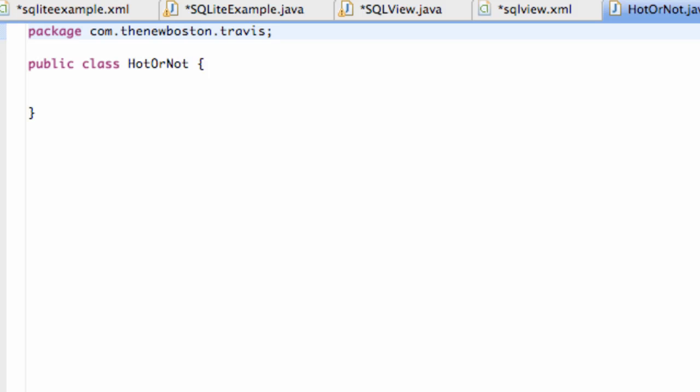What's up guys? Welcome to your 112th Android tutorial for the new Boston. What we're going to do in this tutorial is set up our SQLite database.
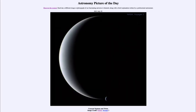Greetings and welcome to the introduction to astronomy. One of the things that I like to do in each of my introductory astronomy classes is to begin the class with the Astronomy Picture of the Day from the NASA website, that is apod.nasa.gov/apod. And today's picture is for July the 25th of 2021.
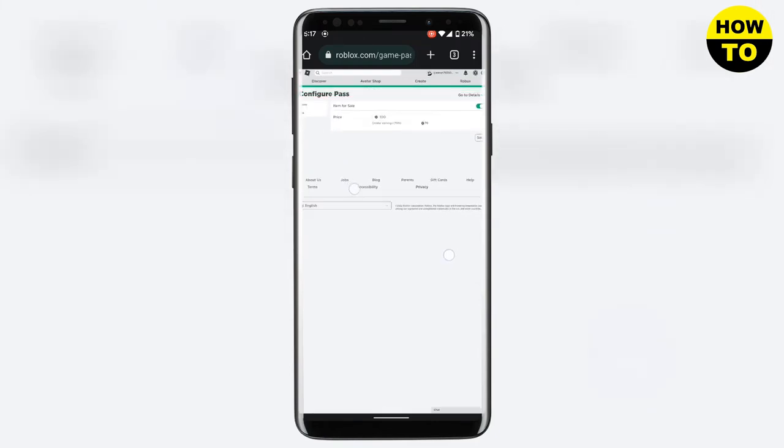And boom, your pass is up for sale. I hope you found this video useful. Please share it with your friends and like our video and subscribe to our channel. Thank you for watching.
---
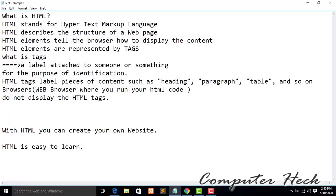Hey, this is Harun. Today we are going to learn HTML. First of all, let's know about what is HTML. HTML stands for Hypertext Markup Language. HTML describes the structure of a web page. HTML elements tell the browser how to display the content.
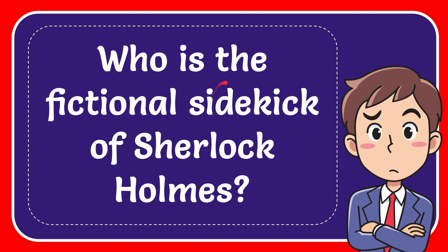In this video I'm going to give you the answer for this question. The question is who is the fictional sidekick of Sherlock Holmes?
==
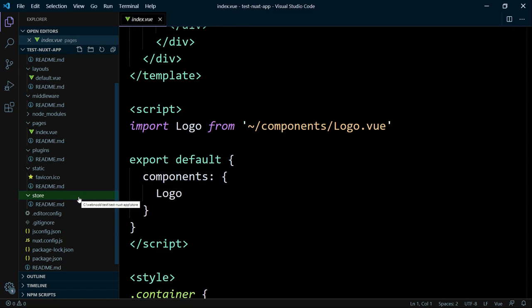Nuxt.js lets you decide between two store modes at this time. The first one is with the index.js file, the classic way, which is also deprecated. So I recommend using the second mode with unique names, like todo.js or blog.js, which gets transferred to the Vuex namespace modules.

TASK REQUIREMENTS:
Beginning at the line that has "Hey, this is" and ending at the line that has "In this video", restate the listing above word for word, pictures left out.

RESULT OF THIS TASK:
Hey, this is Harun. Today we are going to learn HTML. First of all, let's know about what is HTML. HTML stands for Hypertext Markup Language. HTML describes the structure of a web page. HTML elements tell the browser how to display the content.
In this video I'm going to give you the answer for this question. The question is who is the fictional sidekick of Sherlock Holmes?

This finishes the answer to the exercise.